Ministerin Bauer: "Spielregeln sind einzuhalten"

Wissenschaftsministerin Theresia Bauer (Grüne) stellte sich hinter die Maßnahmen der Universität gegen die Abbrecherinnen und Abbrecher. Die Hochschule könne nicht zulassen, dass ein mögliches drohendes Scheitern in der Prüfung auf diese Weise umgangen werde. "Spielregeln sind einzuhalten." Darüber hinaus müssten sowohl die Studierenden selbständig als auch die Hochschulen dafür sorgen, dass das Studium mit realistischen Erwartungen und Selbsteinschätzungen begonnen werde.

Die Ministerin verwies auf Orientierungs- und Aufbaukurse in der Studienanfangsphase, etwa den Brückenkurs Mathematik an mehreren Unis oder auch Tutoren- und Mentorenprogramme. Für Prüfungsangst gebe es Anlaufstellen. Bauer: "Studierende müssen ihre Schwierigkeiten nicht allein regeln und keine Scheu haben, die psychologischen Beratungsdiensten an den Hochschulen aufzusuchen."

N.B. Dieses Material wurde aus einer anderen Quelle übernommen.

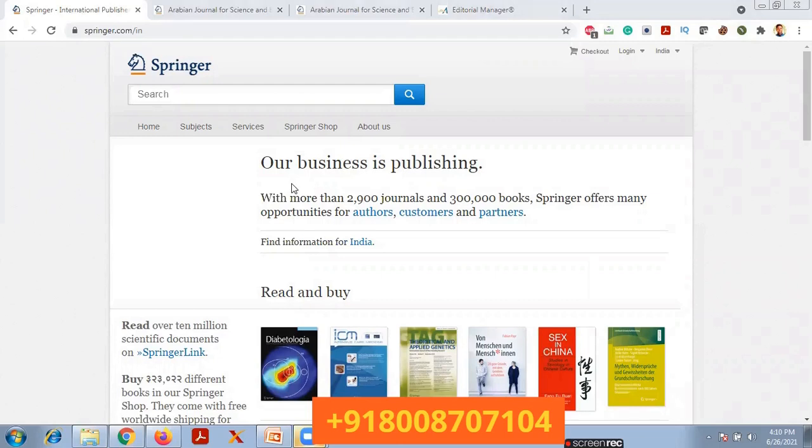Welcome to CVSRP Research YouTube channel. In this video I am going to discuss how to register in a Springer journal and how to submit a research paper to any Springer journal.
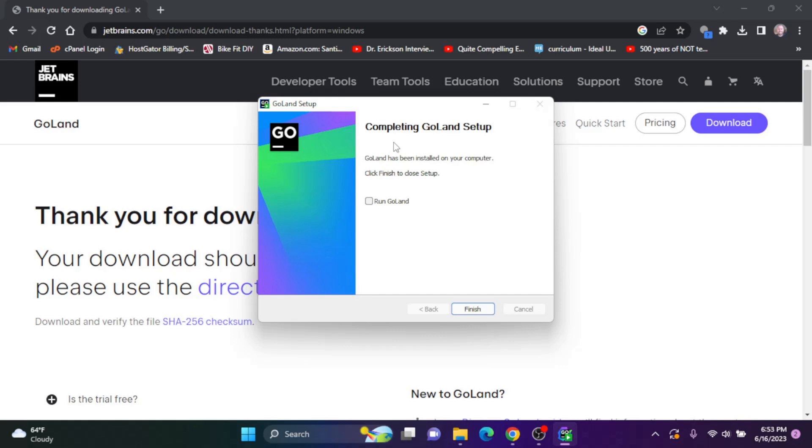Okay, once the setup is complete, you can check to run GoLand. I'll do that and click finish.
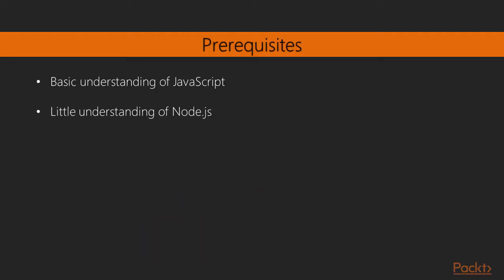Now, as for the prerequisites, you just need basic understanding of JavaScript, and a little experience on Node would also come in handy.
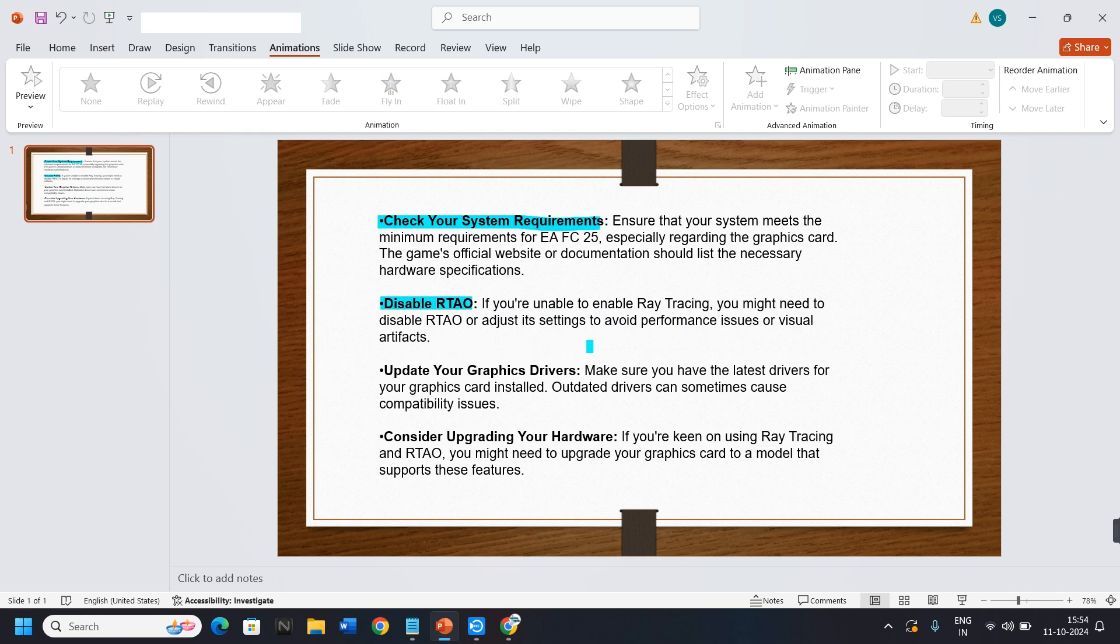2. Disable RTO. If you are unable to enable ray tracing, you might need to disable RTO or adjust its settings to avoid performance issues or visible artifacts.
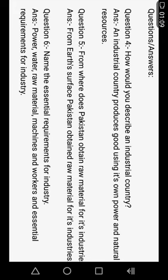Last is question number six: Name the essential requirements for industries. Power, water, raw material, machines, and workers are essential requirements for industry — meaning electricity, water, raw material, machines, and workers are the requirements of industry that are important to remember.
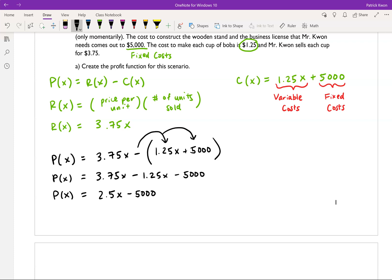Basically, what this says is we subtract $5,000 for the fixed costs — the cost to build the stand and buy the business license. After subtracting the variable cost from the selling price, we're making $2.50 per cup we sell. So our final profit function is P(x) = 2.50x - 5,000.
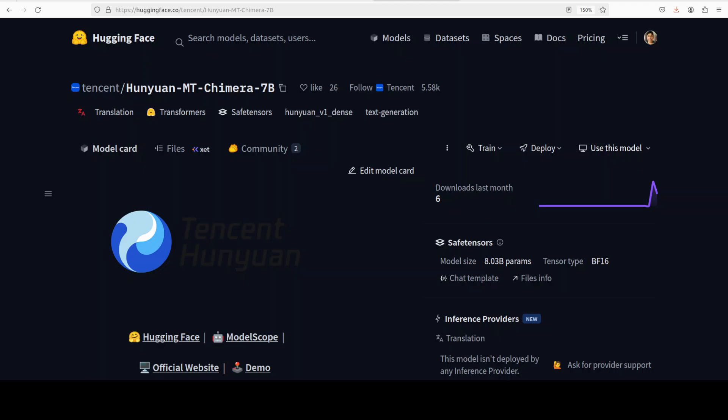I present you world's first open source translation judge model from Tencent. This is a model MT Chimera 7 billion that takes multiple crappy or sub-optimal translation attempts and magically combines them into something way, way better.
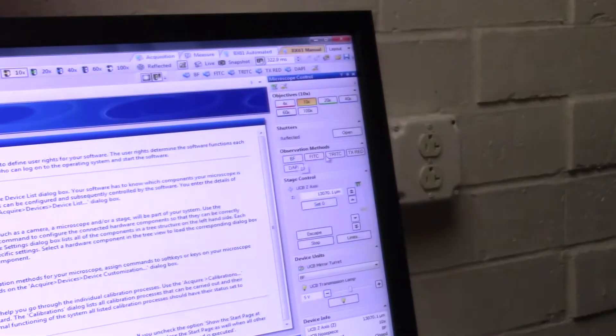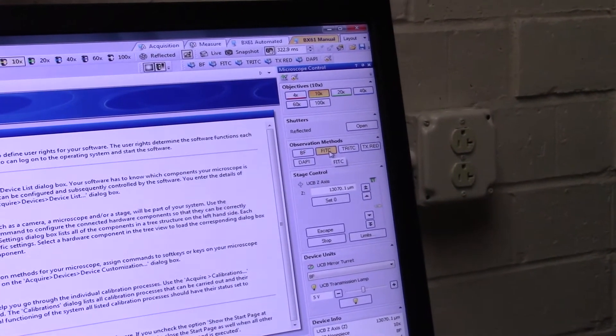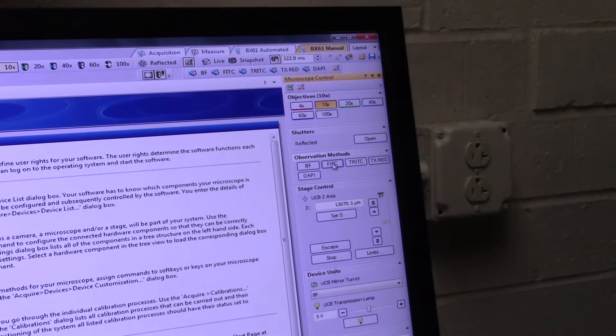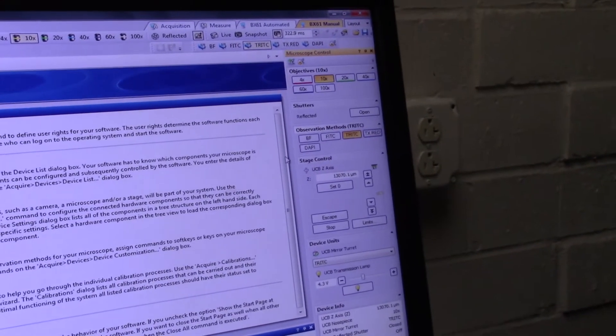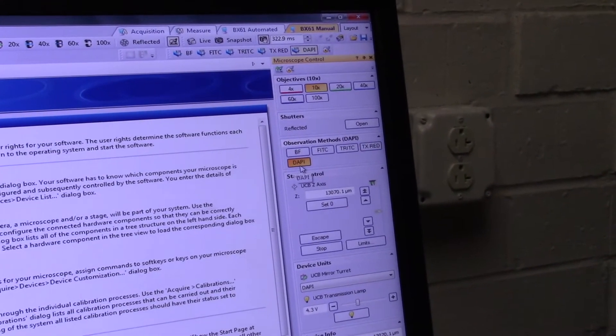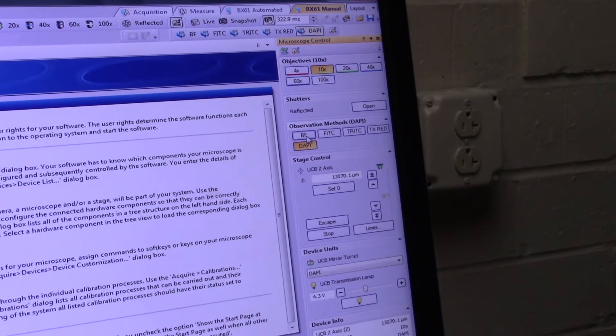Let's say I wanted to change what color of light I am letting through from our light source. FITC would let green light through. TRITC gives red or orange light. Texas Red gives very deep red. DAPI lets us see the blue. And bright field is where we're going to start.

Studierendenwerk: Beratungszahlen wegen Prüfungsangst steigen jährlich

Nach Auskunft der Psychosozialen Beratung für Studierende (PBS) des Studierendenwerks Heidelberg steigen die Beratungszahlen unter anderem wegen Prüfungsängsten jährlich. "Die Sensibilität gegenüber diesem Thema hat unter den Studierenden zugenommen, sie suchen sich früher Hilfe und psychische Belastungen können offener thematisiert werden als noch vor 20 Jahren", hieß es.

37 der Abbrecherinnen und Abbrecher im Mai hatten am selben Tag ein Attest eines einzigen Arztes mit zwei sehr vagen Diagnosen - Kopfschmerzen in Kombination mit Sehstörungen und Übelkeit und Erbrechen - vorgelegt. Elf weitere Studenten legten einen oder mehrere Tage später Krankmeldungen vor. Diese akzeptierte die Uni nicht und wertete die Klausur als nicht bestanden, wie Uni-Sprecher Klebs sagte.

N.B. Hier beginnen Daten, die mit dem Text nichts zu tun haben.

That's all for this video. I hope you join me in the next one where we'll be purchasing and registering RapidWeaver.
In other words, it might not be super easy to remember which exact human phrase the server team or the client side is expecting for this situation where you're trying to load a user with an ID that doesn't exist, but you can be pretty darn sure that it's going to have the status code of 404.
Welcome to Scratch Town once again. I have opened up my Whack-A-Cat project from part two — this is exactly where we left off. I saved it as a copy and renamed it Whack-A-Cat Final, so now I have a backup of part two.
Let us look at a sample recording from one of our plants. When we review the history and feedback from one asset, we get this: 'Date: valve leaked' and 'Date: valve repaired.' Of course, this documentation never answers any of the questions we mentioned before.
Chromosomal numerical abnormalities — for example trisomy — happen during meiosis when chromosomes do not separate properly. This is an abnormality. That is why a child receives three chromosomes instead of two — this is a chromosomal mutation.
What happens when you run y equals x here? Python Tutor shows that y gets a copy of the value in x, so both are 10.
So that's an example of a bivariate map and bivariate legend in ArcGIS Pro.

Die Uni sieht weitere 103 vom selben Arzt im Vorfeld von Klausuren der Fakultät Wirtschafts- und Sozialwissenschaften ausgestellte Atteste kritisch. Die betroffenen Studierenden wurden Klebs zufolge schriftlich aufgefordert, dazu Stellung zu beziehen. Darunter sind auch 49 bereits anerkannte Prüfungsrücktritte.

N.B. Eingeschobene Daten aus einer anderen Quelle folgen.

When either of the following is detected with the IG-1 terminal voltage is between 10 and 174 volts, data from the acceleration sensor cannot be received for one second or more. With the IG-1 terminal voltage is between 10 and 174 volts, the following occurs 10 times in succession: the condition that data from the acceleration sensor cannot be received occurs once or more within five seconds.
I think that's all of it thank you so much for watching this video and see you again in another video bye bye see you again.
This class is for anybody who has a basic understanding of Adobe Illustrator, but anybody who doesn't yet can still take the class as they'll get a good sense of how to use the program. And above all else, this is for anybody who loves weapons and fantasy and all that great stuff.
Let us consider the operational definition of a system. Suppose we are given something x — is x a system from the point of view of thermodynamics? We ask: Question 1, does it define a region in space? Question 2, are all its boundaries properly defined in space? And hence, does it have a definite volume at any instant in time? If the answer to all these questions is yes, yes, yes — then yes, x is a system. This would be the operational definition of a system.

Beschwerden über eine zu schwierige Klausur hatte der Prüfungsausschuss zurückgewiesen. Das Niveau bewege sich auf dem vergleichbarer Prüfungen.

Nach Ansicht der Staatsanwaltschaft Stuttgart ergibt sich aus den Vorgängen kein strafrechtlich relevanter Tatbestand. Weder bei dem Arzt noch bei den Studenten sei eine finanzielle Schädigung oder ein finanzieller Vorteil wahrscheinlich, sagte ein Sprecher.

Insgesamt verließen 48 Studenten im Mai die Prüfung, wie die Universität am Montag mitteilte. Zuvor war von 37 Studenten die Rede gewesen. Zudem waren es demnach insgesamt nicht 250 Prüflinge, sondern lediglich 202. Die Hochschule korrigierte ihre Angaben. Damit habe ein Viertel der Teilnehmer die Grundlagenprüfung in Finanzwissenschaften nicht beendet.